[After a short pause.] Who was the other? The woman you had with you—there at the table?
[A little reluctantly.] She? That was my—my wife.
[Nods slowly.] Indeed. That is well, Arnold. Some one, then, who does not concern me—–
[Nods.] No, of course not—–
—one whom you have taken to you after my lifetime.
[Suddenly looking hard at her.] After your—? What do you mean by that, Irene?
[Without answering.] And the child? I hear the child is prospering too. Our child survives me—and has come to honour and glory.
[Smiles as at a far-off recollection.] Our child? Yes, we called it so—then.
In my lifetime, yes.
[Trying to take a lighter tone.] Yes, Irene.—I can assure you “our child” has become famous all the wide world over. I suppose you have read about it.
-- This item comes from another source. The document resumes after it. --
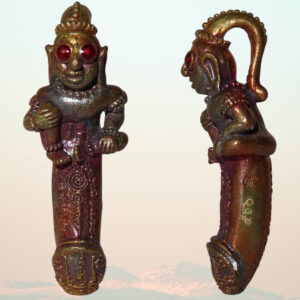 Amulette Phra Ngang Jik Palad Khik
[Nods.] And has made its father famous too.—That was your dream.
[More softly, with emotion.] It is to you I owe everything, everything, Irene—and I thank you.
[Lost in thought for a moment.] If I had then done what I had a right to do, Arnold—–
Well? What then?
I should have killed that child.
Killed it, you say?
[Whispering.] Killed it—before I went away from you. Crushed it— crushed it to dust.
[Shakes his head reproachfully.] You would never have been able to, Irene. You had not the heart to do it.
No, in those days I had not that sort of heart.